No caso do lixo- O contexto normalmente se refere ao entorno e à utilidade. Um fio de cabelo preso na cabeça (no lugar esperado) é bom, um fio de cabelo na comida é lixo. Uma impressora que funciona é uma impressora, uma outra que para de funcionar e portanto não tem mais utilidade é lixo.

No caso da violência- O contexto se refere a consentimento. Um tapa consentido não é violência, como é fácil verificar nas práticas BDSM ou em diversos esportes (artes marciais e outros tipos de luta esportivas). Já um toque ou beijo não consentido é violência, inclusive vale lembrar que a definição do crime de estupro não se limita à penetração, contemplando uma gama muito mais ampla de atos libidinosos sob coerção.

Apesar do contexto ser importante pra atribuir significado a tantos aspectos da interação humana e seus produtos observamos uma dificuldade impar no entendimento da violência contra a mulher, tantas vezes minimizada e desconsiderada. Isso não pode ser explicado por uma diferença de interpretação, uma vez que qualquer homem saberá identificar como violência se outro o tentar beijar ou acariciar à força. A diferença está na mulher ser conceituada socialmente como um objeto a ser possuído e portanto desprovida de humanidade, de agência e do direito de consentir ou negar.

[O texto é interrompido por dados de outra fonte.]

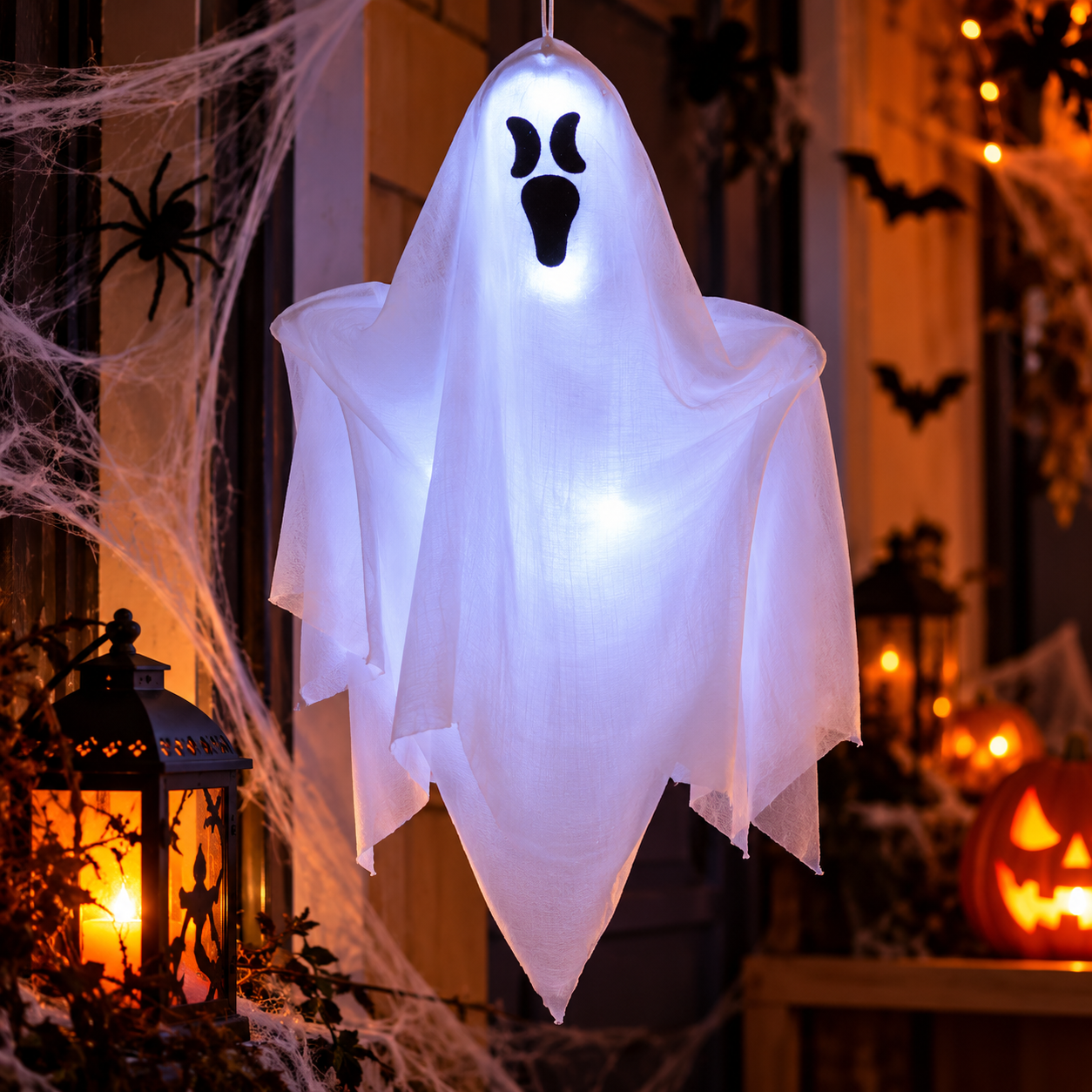 Pendentif Fantôme lumineux 45 cm pour Halloween, décoration suspendue blanche et noire idéale pour maison hantée, soirée et vitrine.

Em qualquer discussão posterior a casos de estupro vemos uma sanha punitivista e vingativa quase selvagem, que separa o perpetuador do restante da sociedade e o identifica como elemento aberrante, quando nada poderia estar mais longe da verdade. Não vou tentar comentar decisões judiciárias pois não possuo conhecimento teórico algum para tal e existem diversos juristas capacitados que já o fizeram. Só sinto necessidade de pontuar que apesar de compreender a fúria, este problema não é individual portanto a solução também não será. Enquanto a construção da feminilidade e masculinidade mantiver essa configuração violenta e desigual nenhuma mulher estará a salvo.